* _EXERCISE_:
Setting aside any pictures, reproduce the data exactly.
◇ ◇ ◇ ◇
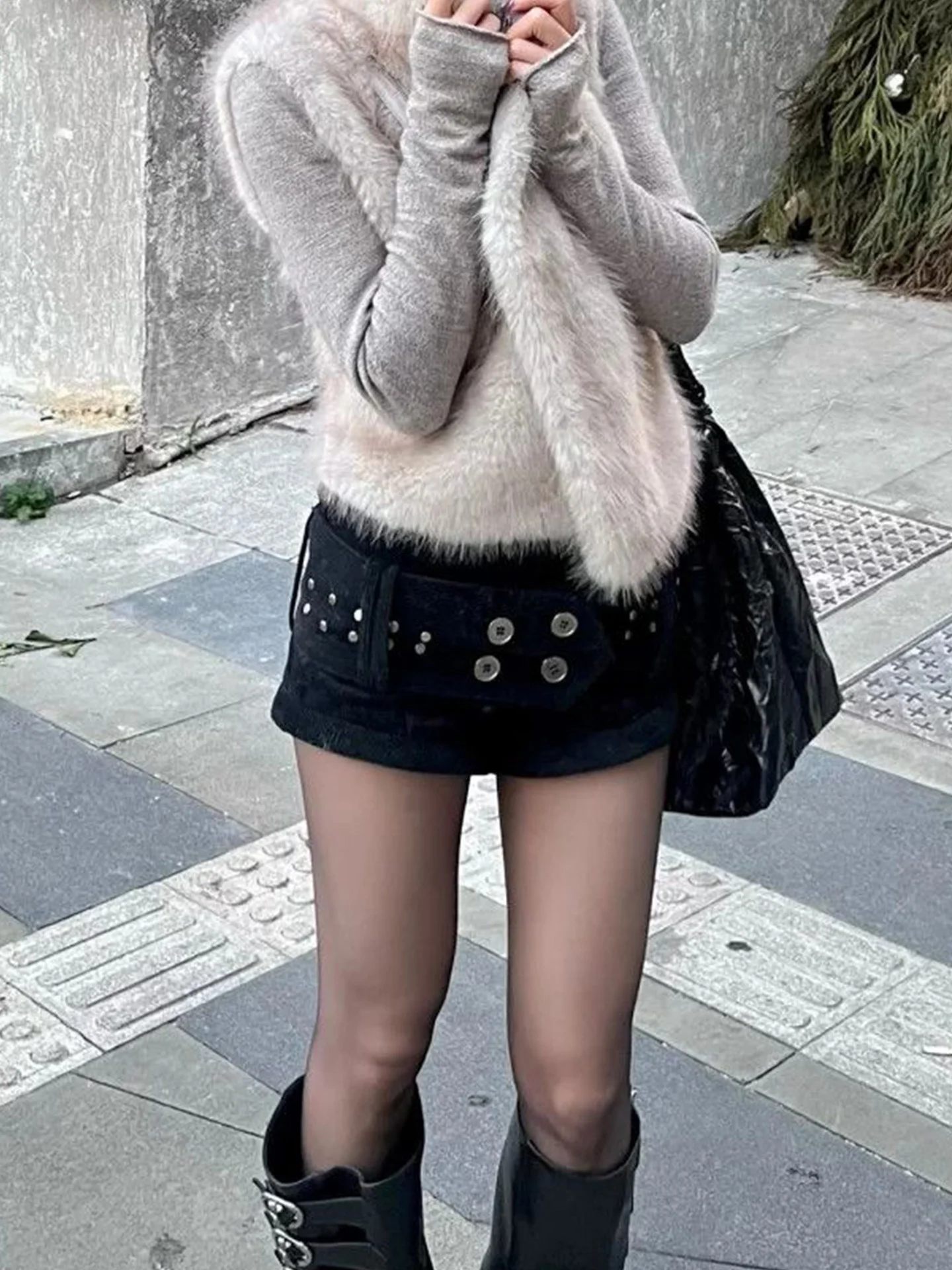 Korean Design Sensation Small Audience Rivet Waist Belt Workwear Shorts Women's Spicy Girl Sexy Wraparound Corduroy Hotpants
Korean Design Sensation Small Audience Rivet Waist Belt Workwear Shorts Women's Spicy Girl Sexy Wraparound Corduroy Hotpants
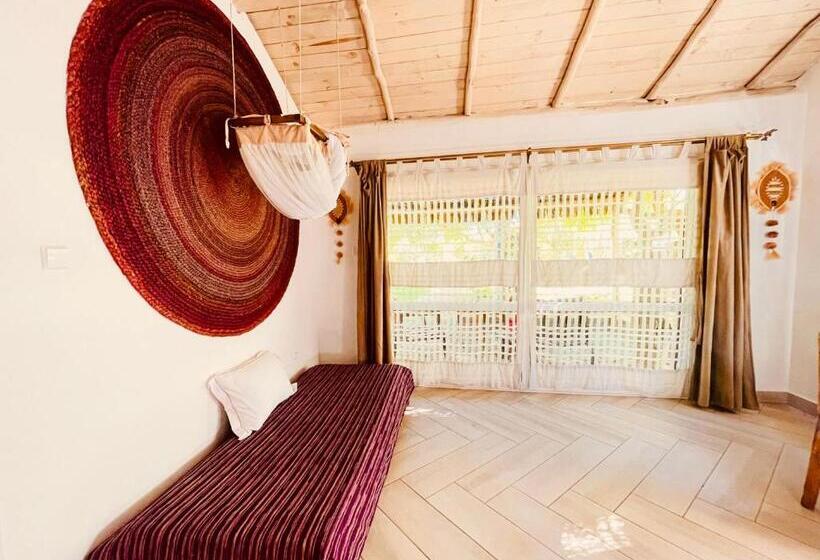 اتاق استاندارد با چشم‌انداز باغ, Vovo Telo Lodge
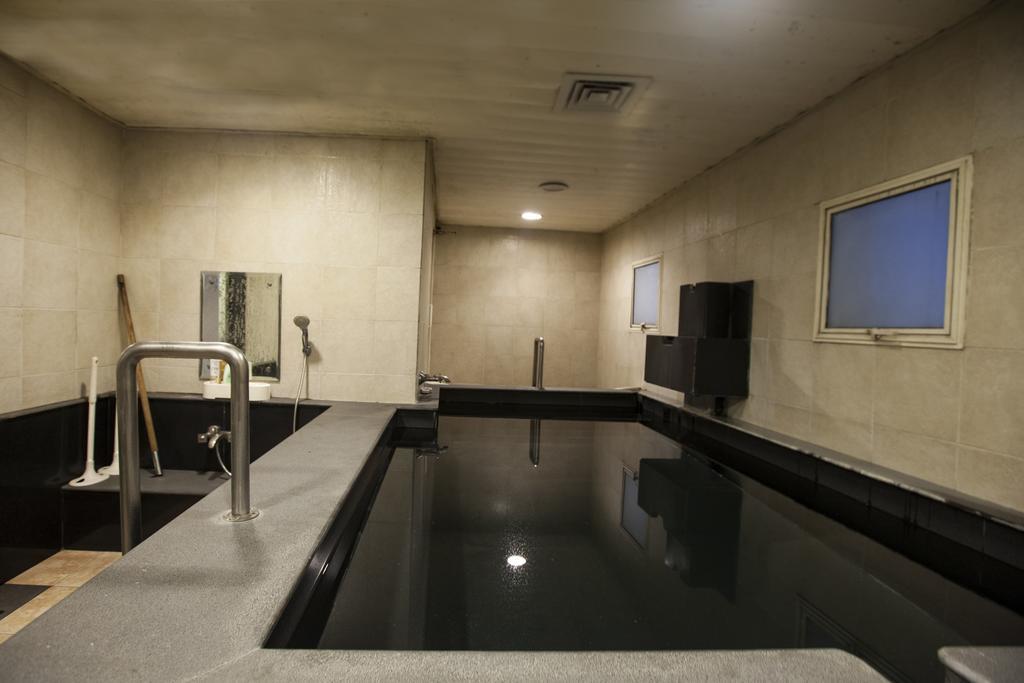 Avalon Courtyard Residence Suites Neu-Delhi Exterior foto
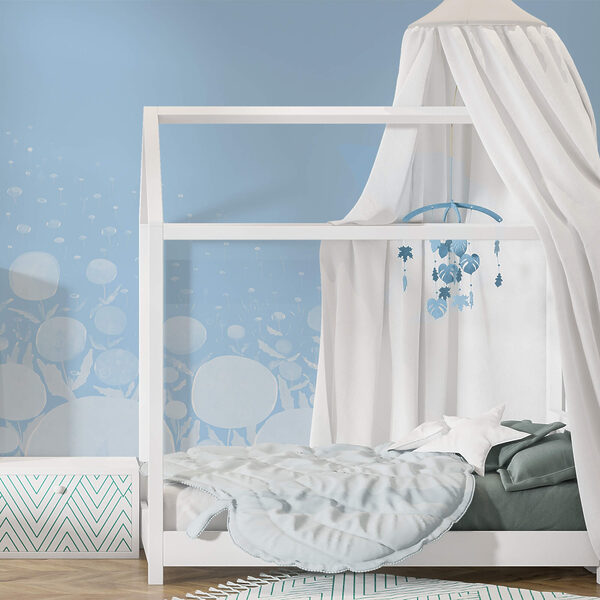 Білі квіти з листям на синьому тлі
◇ ◇ ◇ ◇
* _RESULT OF THIS EXERCISE_:
 Korean Design Sensation Small Audience Rivet Waist Belt Workwear Shorts Women's Spicy Girl Sexy Wraparound Corduroy Hotpants
Korean Design Sensation Small Audience Rivet Waist Belt Workwear Shorts Women's Spicy Girl Sexy Wraparound Corduroy Hotpants
 اتاق استاندارد با چشم‌انداز باغ, Vovo Telo Lodge
 Avalon Courtyard Residence Suites Neu-Delhi Exterior foto
 Білі квіти з листям на синьому тлі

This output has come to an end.